I have since learned a lot about the Cruze, but fixing this issue still eludes me.


----------



## jmuel (Aug 30, 2018)

Blasirl said:


> I'd be very happy if you can figure this out. I brought my 2014 in when still under warranty because I went from a plethora of stations to choose from to only local stations. I still have this problem. I parked my wifes Caravan right next to me and went through the stations using seek and she pulled in more than 25 stations via FM and I get three. The dealer told me that he was going to save me some money and said for me to go under the dash and plug in the antenna. I went out to the parking lot and laid on the passenger floor and found I could not even get my hand under there.
> 
> I have since learned a lot about the Cruze, but fixing this issue still eludes me.
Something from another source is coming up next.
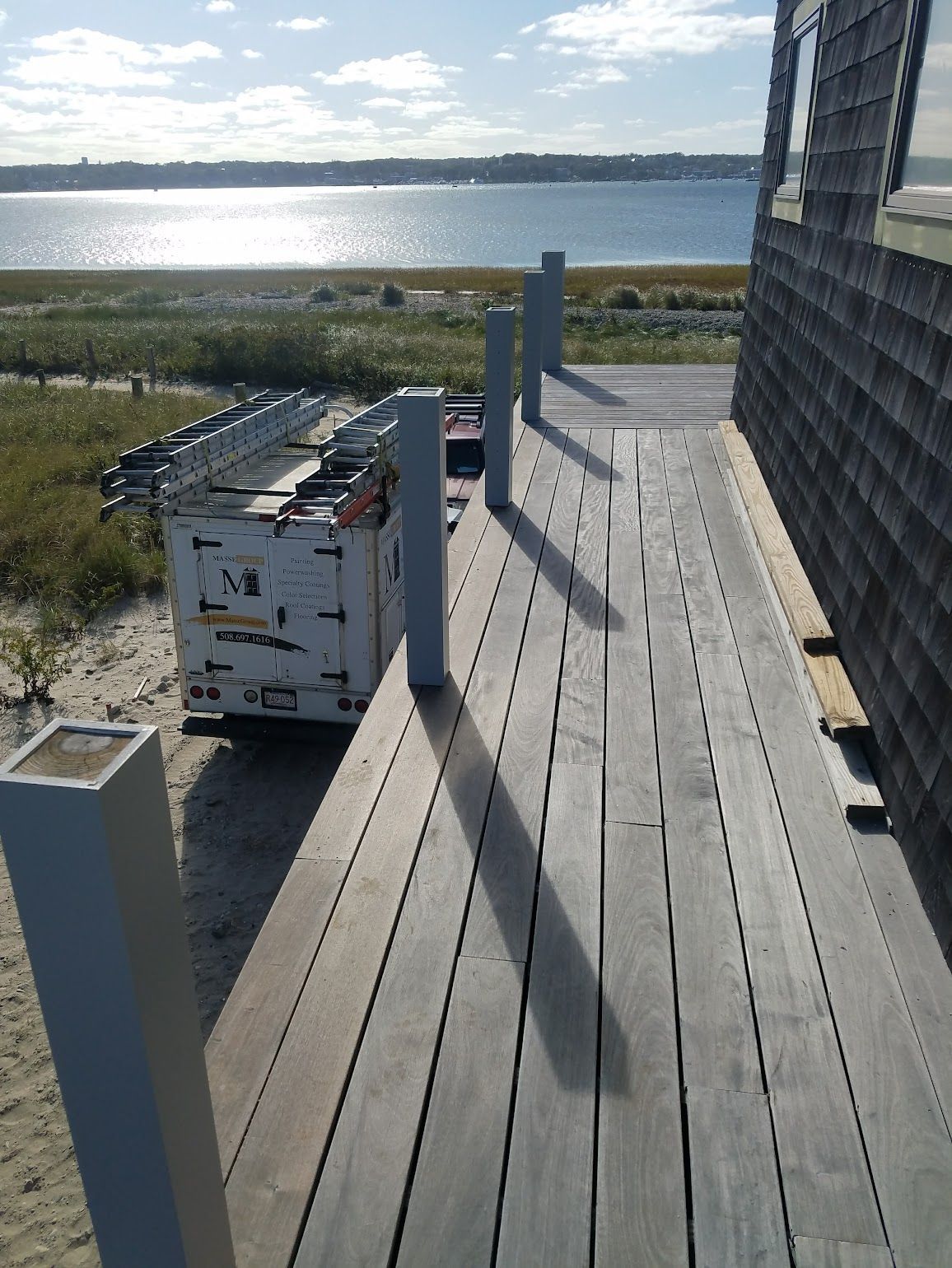 A white truck is parked on a wooden deck overlooking a body of water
I've worked on a lot of Cruzes. Getting the radio out is easy but this doesn't seem to be a problem with the two connections (am/fm is one connection, xm is the other) at the back of the radio since both are not working. Seems like there must be another junction between the kick panel and the radio. I do suppose it could be a bad antenna but suddenly going from working to non-working after working on the car raises the probably cause as something else.


----------



## Blasirl (Mar 31, 2015)

jmuel said:


> I've worked on a lot of Cruzes. Getting the radio out is easy but this doesn't seem to be a problem with the two connections (am/fm is one connection, xm is the other) at the back of the radio since both are not working. Seems like there must be another junction between the kick panel and the radio. I do suppose it could be a bad antenna but suddenly going from working to non-working after working on the car raises the probably cause as something else.
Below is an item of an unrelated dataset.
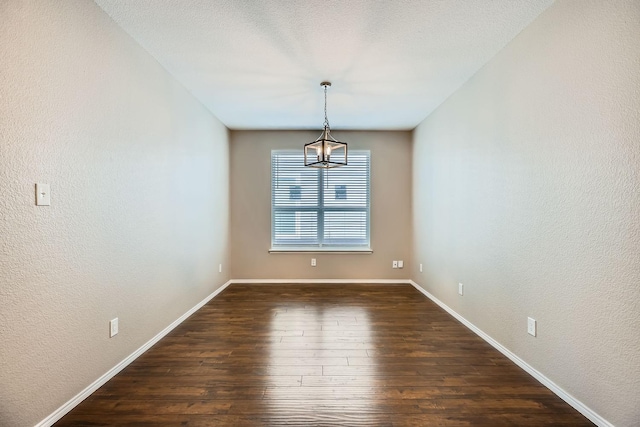 unfurnished dining area with dark wood-type flooring and a textured ceiling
My XM still works so not sure if the issue is identical.


----------



## ChevyGuy (Dec 13, 2014)

I tried looking at my factory 2013 manual, but it had no clues. The only thing I saw was if you have the MyLink with Nav, there's a splitter for the GPS signal. 
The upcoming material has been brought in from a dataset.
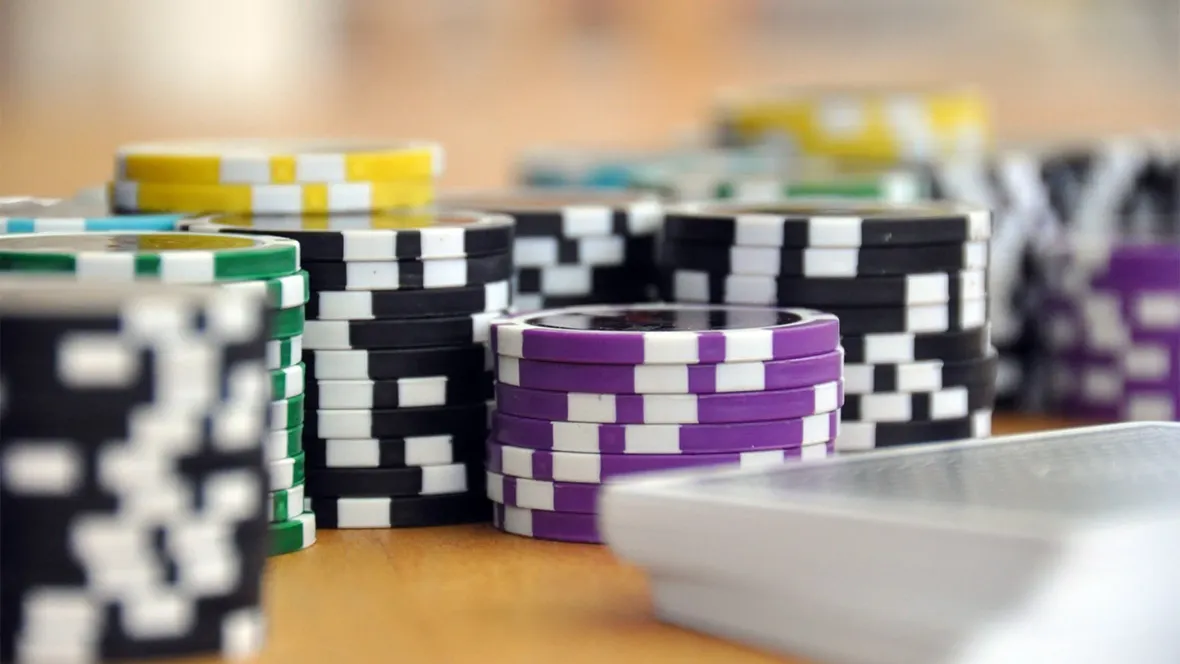 A close-up view of poker chips and playing cards on a table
I think the changes for the 2014 are significant enough that my manual doesn't reflect your car very well. (Wasn't that the year they added WiFi?)


----------



## StLouisCPhT (Sep 13, 2015)

1) Wifi was added in 2015.

2) Color Coding is irrelevant. That only indicates the type of connectors used on the cables.

3) As far as I have ever seen in all the Cruzes I have dug around in, the AM/FM/XM goes directly to the kick panel connector. Here is a picture of the cable(s) in question.

Check your connections under the headliner to be sure there aren't any problems there.


----------



## Blasirl (Mar 31, 2015)

StLouisCPhT said:


> 1) Wifi was added in 2015.
> 
> 2) Color Coding is irrelevant. That only indicates the type of connectors used on the cables.
> 
> ...



Which kick panel?


----------



## StLouisCPhT (Sep 13, 2015)

Passenger side.

If you have been working down around the connector point, if it possible to plug it back together without it actually making contact. This would effectively kill both radio and xm antenna signal strengths. Same thing applies to the plug connectors on the radio.

Learned this the hard way.


----------